How to get cheap disaster recovery for a 124 TB Isilon filesystem?

On our Isilon cluster, we have a 124 TB file system. It is currently 38 percent full, with 31 million files. About half the data are image files, and the mean file size is 1.5 MB. We use snapshots to protect against accidental deletion, but we need something different to protect against total failure (e.g., sysadmin error, software error, or water, heat, or fire damage). And because we're a poor research lab, it shouldn't be too expensive.

We currently try to back up to tape, but that has two problems. First, just traversing the directory tree and stating each file takes more than five days, so even an incremental backup takes over a week. Second, and most important, a restore would takes many weeks, even months.

Ideally, we'd like to have access to much of the data again within a week of disaster. (It's fine to get the data back gradually over the course of several weeks if we can choose which directories to restore first, but sourcing new storage equipment and restoring would likely take much longer than that.) The only way I can think of recovering in a week is to maintain a replicate on disk at a separate location. It's OK to lose at least a few days of work, so the replication can lag a little or cover the file system over the course of several days. It's also OK for the replicate to have much poorer performance than the original.

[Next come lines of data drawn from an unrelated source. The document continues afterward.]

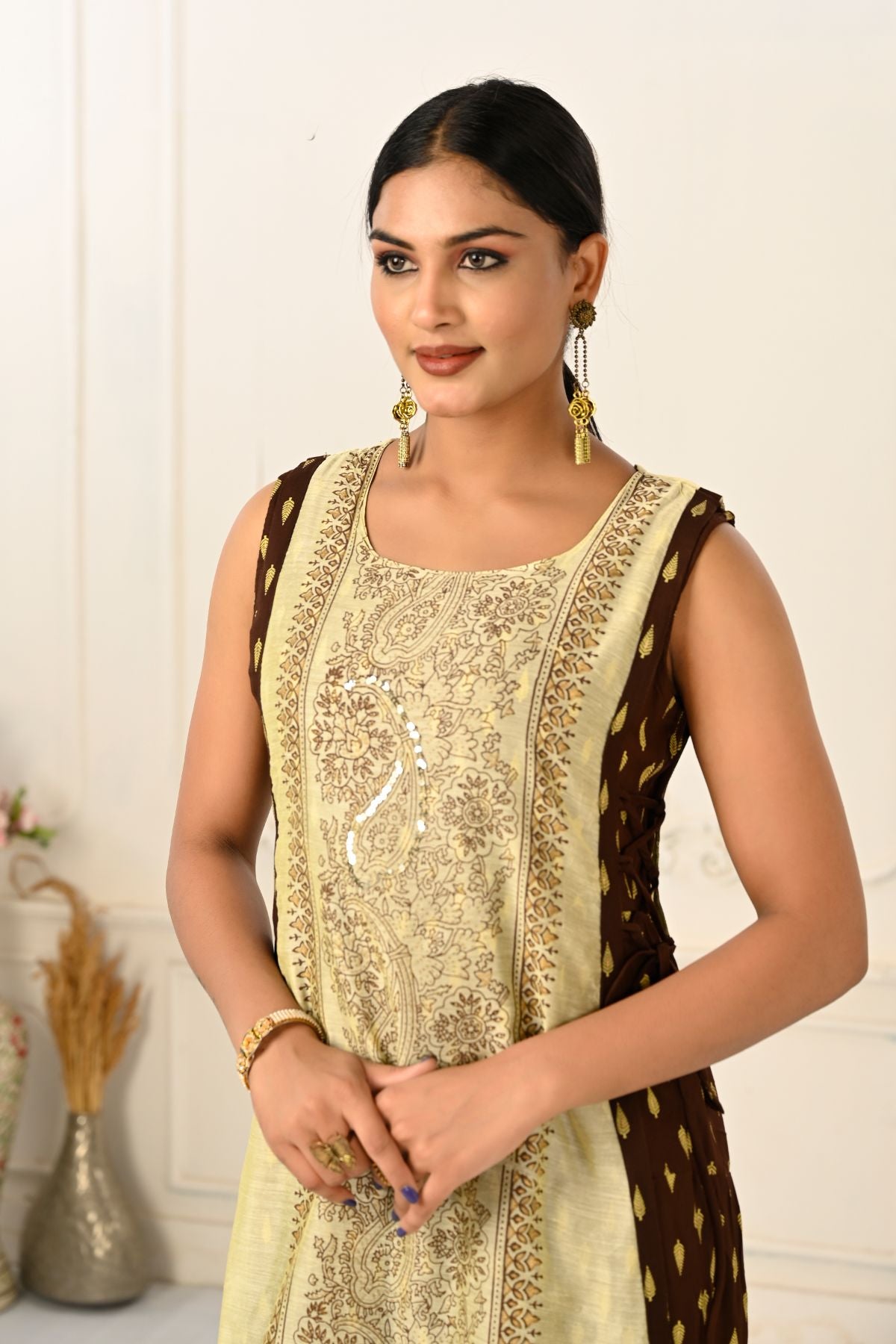 2 Layered Inner Cotton And Outward Jacket Chanderi Kurti - jivora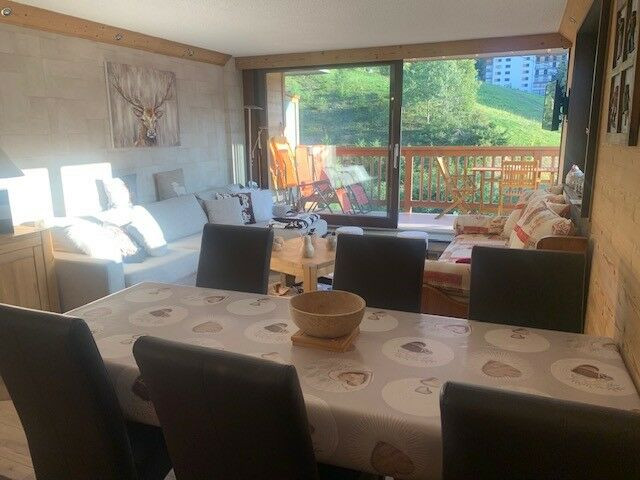 a-table-81255 a-table-81255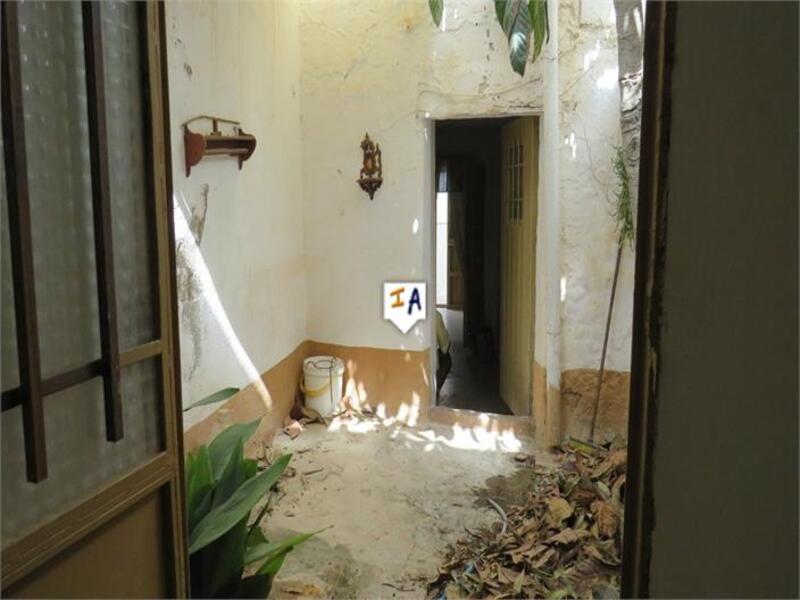 5 bedroom Townhouse for sale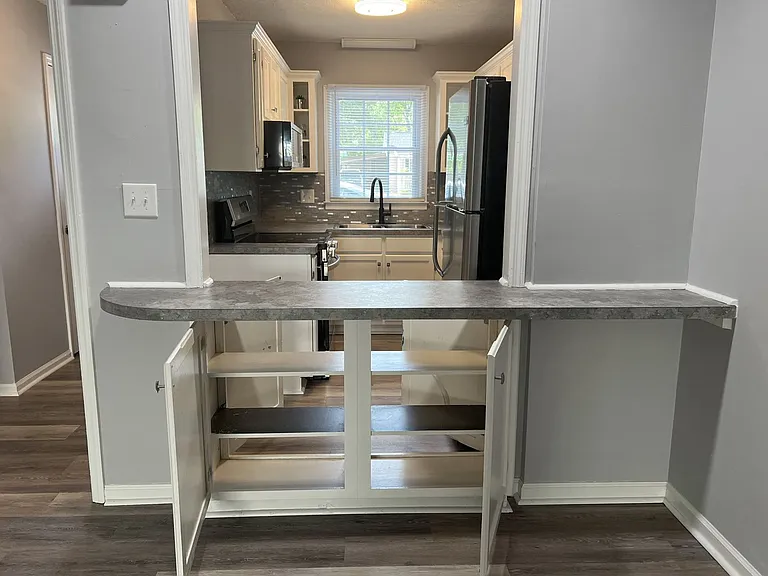3400 N Oak St #5 — Photo 8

The Isilon solution would be to use SyncIQ to replicate the file system to another cluster. Because this operates at the block level, it avoids the problem of traversing the file system and stat-ing each file. As can be expected, the cost is a little steep: the license for the SyncIQ software is $55k, and then there is the cost of the expensive Isilon storage to synchronize to (although using their cheaper NL storage helps a bit). I expect that the Isilon solution will come to somewhere between $500 and $1000 per TB, which is far better than the $1300–1900/TB we paid for the primary storage, but still a lot of money for us.

Given that raw hard drives can be had for $60/TB these days, I would hope that 124 TB of slow storage can be cobbled together for far below Isilon prices, and that there is a way to replicate changes in less than a week. Can you think of a way?


Solution 1:

I work at a shop that runs an Isilon cluster as well; I haven't really touched it too much, so I can't say TOO much about any particular details.

But the way we have it setup, we do indeed backup to tape; we have a tape robot so we don't have to deal with switching cartridges all the time (which I suppose makes long backups a lot more tolerable.) We also opted for the more expensive X series Isilon nodes and just got a bunch of them; yes, less storage per node, but also allows for a bit more tolerance for failure.